14 mar, 2017 - 09:23
O Tribunal de Justiça da União Europeia (TJUE) decidiu que as empresas podem proibir as funcionárias de usarem véu islâmico no local de trabalho, desde que isso corresponda a uma política interna de proibição de qualquer símbolo político, filosófico ou religioso e que obrigue os funcionários a vestir-se de forma "neutra". É o que se conclui de uma sentença referente aos casos de duas mulheres muçulmanas despedidas depois de insistirem em usar os véus islâmicos no emprego. As situações aconteceram em França e na Bélgica.
O tribunal estava a considerar ambos os casos em simultâneo, mas encontrou diferenças importantes entre elas. No caso de Samira Achbita, que foi despedida do seu cargo de recepcionista da empresa GS4 por se recusar a retirar o véu, os juízes deliberaram que isso não constituia ilegalidade, desde que as regras internas da empresa fossem claras e iguais para todos os funcionários. De acordo com a deliberação, esta proibição "não constitui uma discriminação directa por razões religiosas ou convicções".
Já no caso de Asma Bougnaoui o tribunal decretou que poderia haver um caso de discriminação, caso a funcionária da Micropole, uma empresa de informática, tivesse sido despedida não por se recusar a aderir a políticas internas de vestuário, mas porque um cliente se queixou do facto de ela utilizar o véu.
O tribunal traça assim um princípio geral, mas deixa aos tribunais nacionais a responsabilidade de determinar se nos casos particulares existiu discriminação.
Já em 2014, o o Tribunal Europeu dos Direitos do Homem (TEDH) considerou “legítima” a proibição do uso de véu integral em França, rejeitando um pedido de uma francesa que reivindicava o direito a usar o niqab ou a burca.
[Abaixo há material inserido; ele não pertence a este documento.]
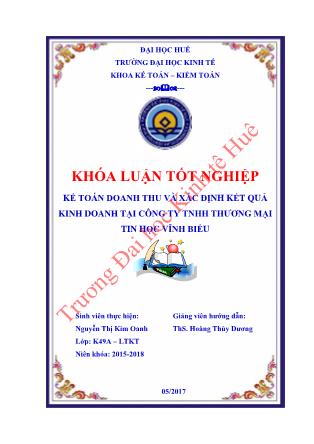 Khóa luận Kế toán doanh thu và xác định kết quả kinh doanh tại Công ty TNHH Thương mại tin học Vĩnh Biểu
A decisão do TJUE surge numa altura em que as questões ligadas às comunidades muçulmanas na Europa dominam as discussões políticas, sobretudo na Europa central e em países como a Holanda e França que estão à beira de eleições e onde os partidos anti-imigração estão em alta nas sondagens.
"Não faz sentido nenhum"
A portuguesa Teresa Tito de Morais, do Conselho Português para os Refugiados, considera que a decisão do tribunal está errada, caso também se aplique a véus que deixam a cara à vista e a outro tipo de indumentária que, como diz a sentença, revela posições filosóficas, políticas ou religiosas.
"Isso não faz sentido absolutamente nenhum. Desde que não seja um atentado contra a segurança interna das empresas, deve ser livre, não tem de obedecer a regras estigmatizantes que possam pôr em causa a liberdade individual de cada um", diz.
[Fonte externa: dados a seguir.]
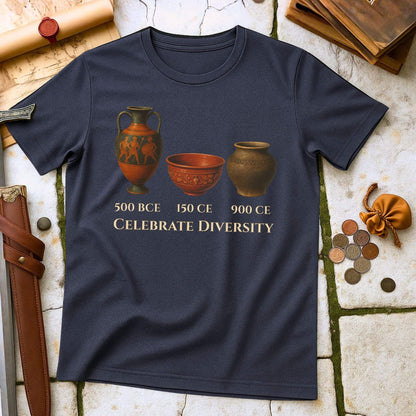 Celebrate Diversity Pottery T-Shirt | Ancient Roman Medieval Vessel Tee | Archaeology Art History Gift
A maioria das muçulmanas que usam o véu islâmico fazem-no para tapar o cabelo, havendo apenas uma minoria que tapa totalmente o rosto.
Já no caso de véus que tapam a cara, como a burca, poderá haver razões de segurança que se impõem, considera. "Pode de certa maneira por em risco algumas regras que os países europeus têm, no sentido de reconhecer os seus empregados - para aqueles que estão com a cara tapada esse processo é mais complicado - e até por razões de segurança."
Em Portugal, o Conselho Português para os Refugiados não tem conhecimento, explica Teresa Tito de Morais, de casos de conflito laboral por causa deste género de questão.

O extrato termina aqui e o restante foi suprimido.